DENVER—Sen. Mark Udall was cleared by state officials last week of using intimidation to skew Colorado’s insurance-cancellation figures, but it turns out Insurancegate isn’t over just yet.
Colorado Senate Republicans sent a letter Wednesday asking state Insurance Commissioner Marguerite Salazar for more details on the cancelled insurance policies stemming from the Affordable Care Act.
First on the list is an updated number of how many individual policies have been cancelled due to Obamacare, as well as how many employer plans have been cancelled.
The state insurance division reported in November that nearly 250,000 individual policies had been cancelled, a number that was frequently repeated until last week, when Rep. Cory Gardner, Colorado Republican, received a letter from Salazar’s office saying that the number is now over 335,000.
“Senate Republicans find it extremely troubling that 85,000 additional Coloradans have had their insurance policies cancelled due to Obamacare in just over two months,” said the letter, signed by all 17 Republican state senators.
The letter also requests a geographic breakdown of policy cancellations by county “to better illustrate which parts of the state have been impacted the most by cancellations,” as well as a price differential between the old policies and proposed replacement policies.
Udall aides had pressed Salazar’s office to reconfigure the cancellation figures by including the number of policy renewals offered to those whose policies were struck, according to emails obtained and released two weeks ago by Complete Colorado.
Critics argue that the renewal options are inevitably more expensive than the cancelled policies, due to the increased benefits mandated under Obamacare.
The Senate Republicans also asked the insurance division to release data on a monthly basis showing the number of individual and employer-based insurance cancellations.

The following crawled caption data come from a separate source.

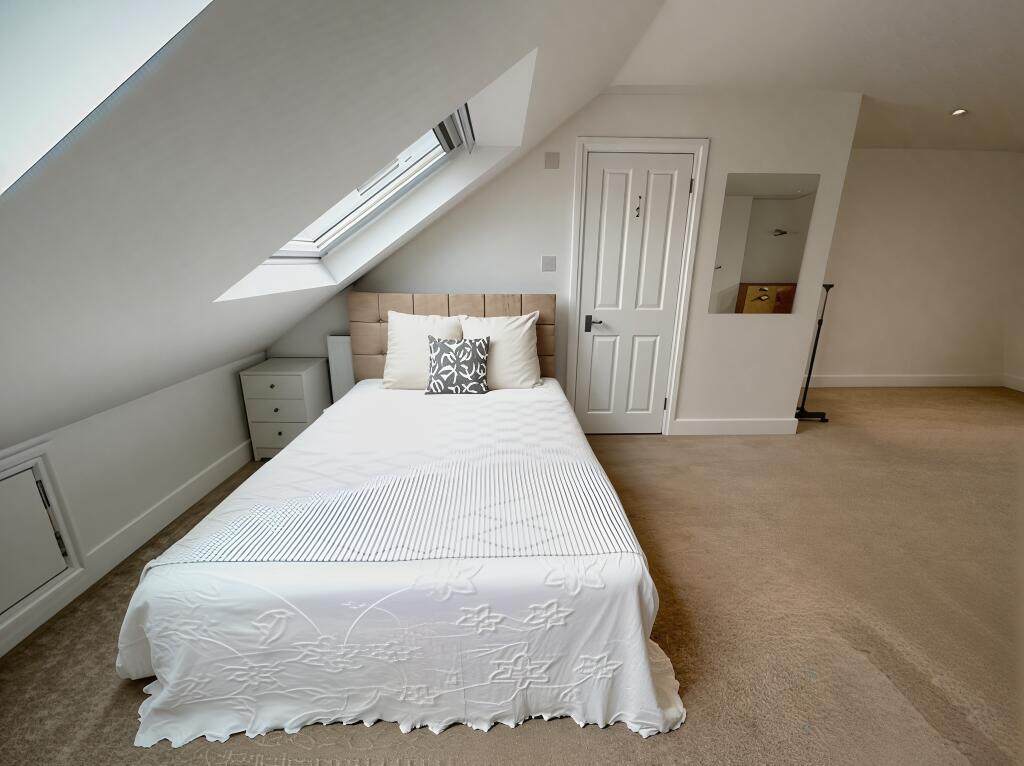 unblurimageai_50366_rentalsandsalescouk_248507726_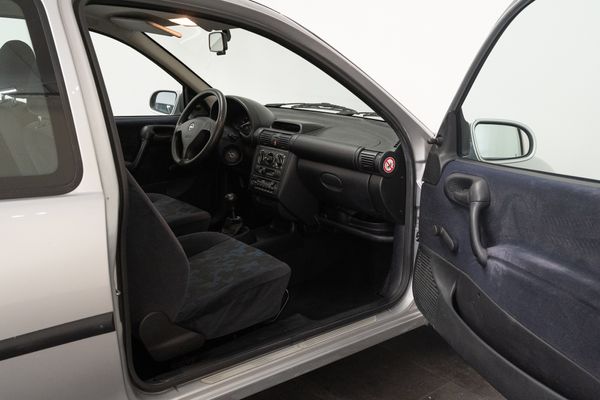 Opel Corsa 1.2 16V Edition 2000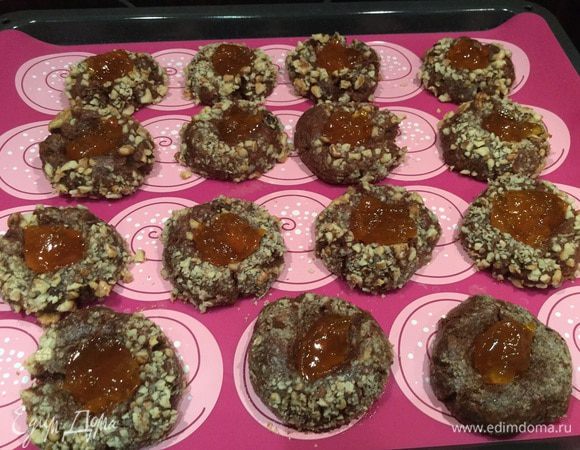 Поставьте противень в духовку и выпекайте 8 минут, затем достаньте и заполните серединку каждой печенюшки 1 ч. л. джема. Поставьте обратно в духовку и выпекайте ещё 10 минут. Выньте печенье из духовки и дайте остыть, после чего переложите.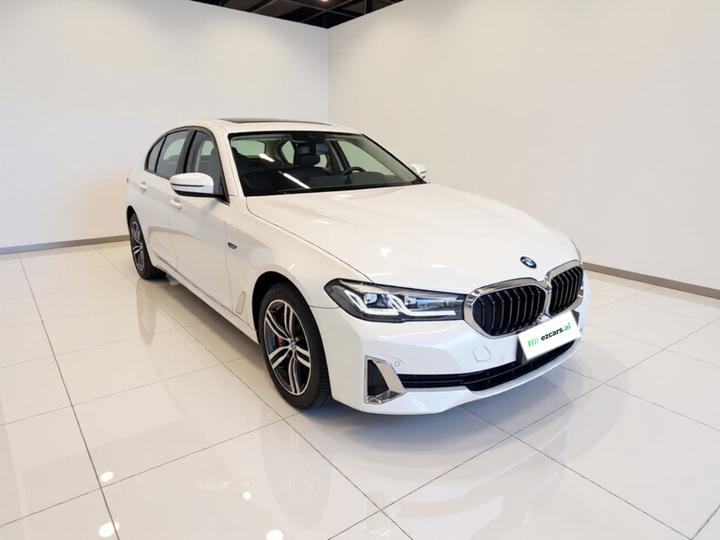 5 Series 2021 530Li xDrive Luxury photo 3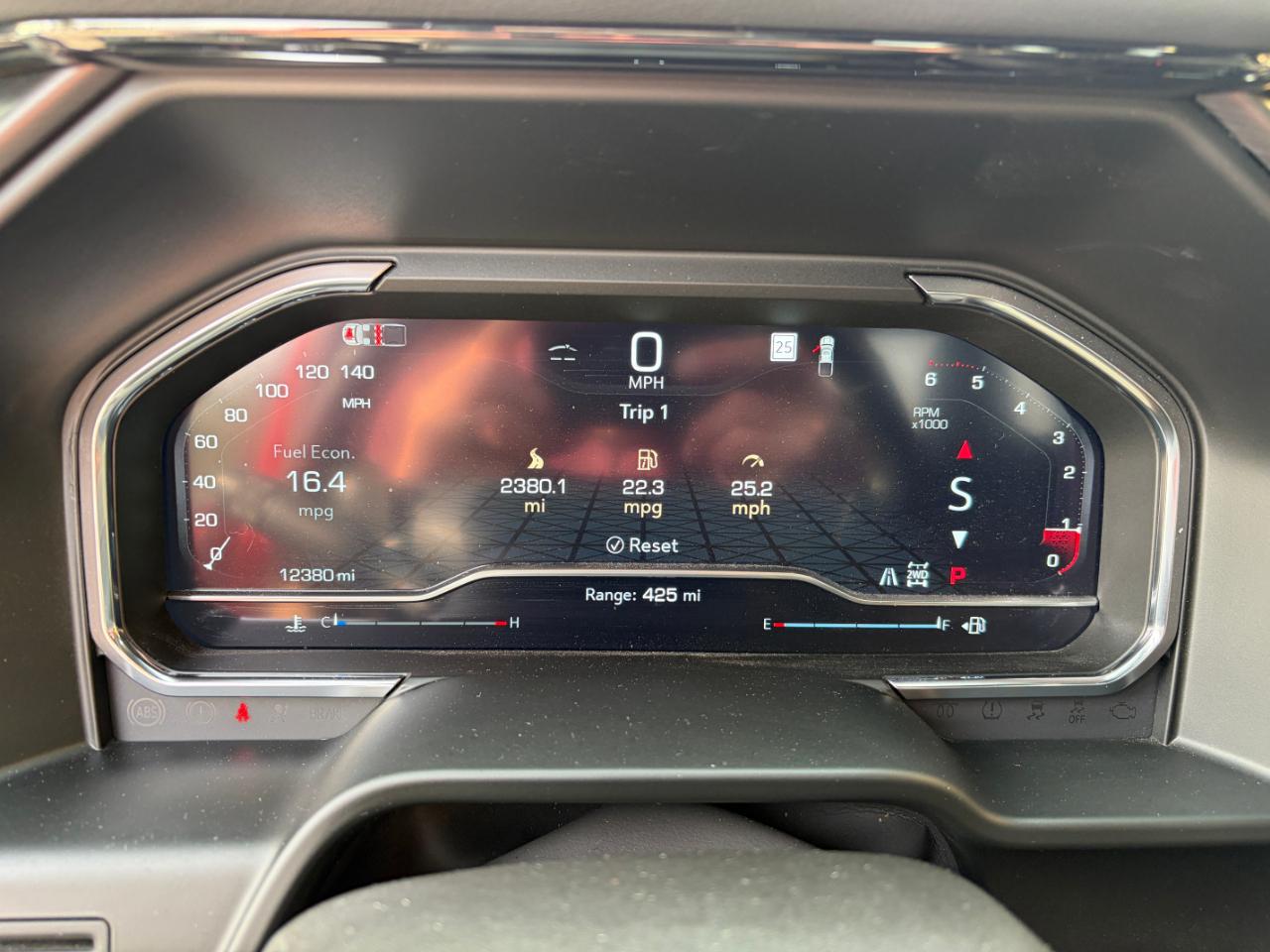 GMC Sierra 1500 4WD Crew Cab 147" AT4 2025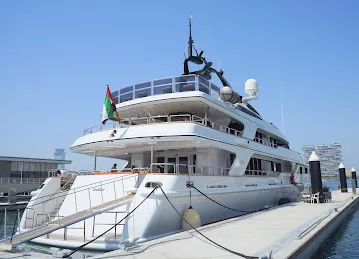 Seven Yachts - Yacht Charter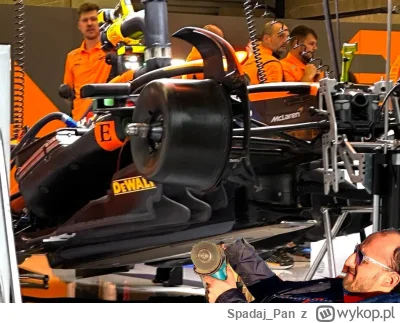 Spadaj_Pan - #f1 wyciekło zdjęcie z garażu Norrisa zaraz po zakończeniu wyścigu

“Unemployment data is reported on a monthly basis and a similar reporting system for policy cancellations would greatly benefit the citizens of Colorado,” said a statement by the Colorado Senate Republicans.
At a Jan. 14 legislative hearing, Salazar brushed off the aggressive emails from Udall’s office, saying such exchanges are not uncommon. An email from one state insurance regulator accused Udall’s staff of trying to “trash our numbers.”
The same day, the state Department of Regulatory Agencies rejected a request for an investigation filed by state Rep. Amy Stephens (R-Monument), saying that there was “no information to support an allegation of real (or perceived) intimidation.”
Republicans accused the agency heads of covering up for Udall, noting that they are appointed by Gov. John Hickenlooper. Both the governor and Udall are Democrats.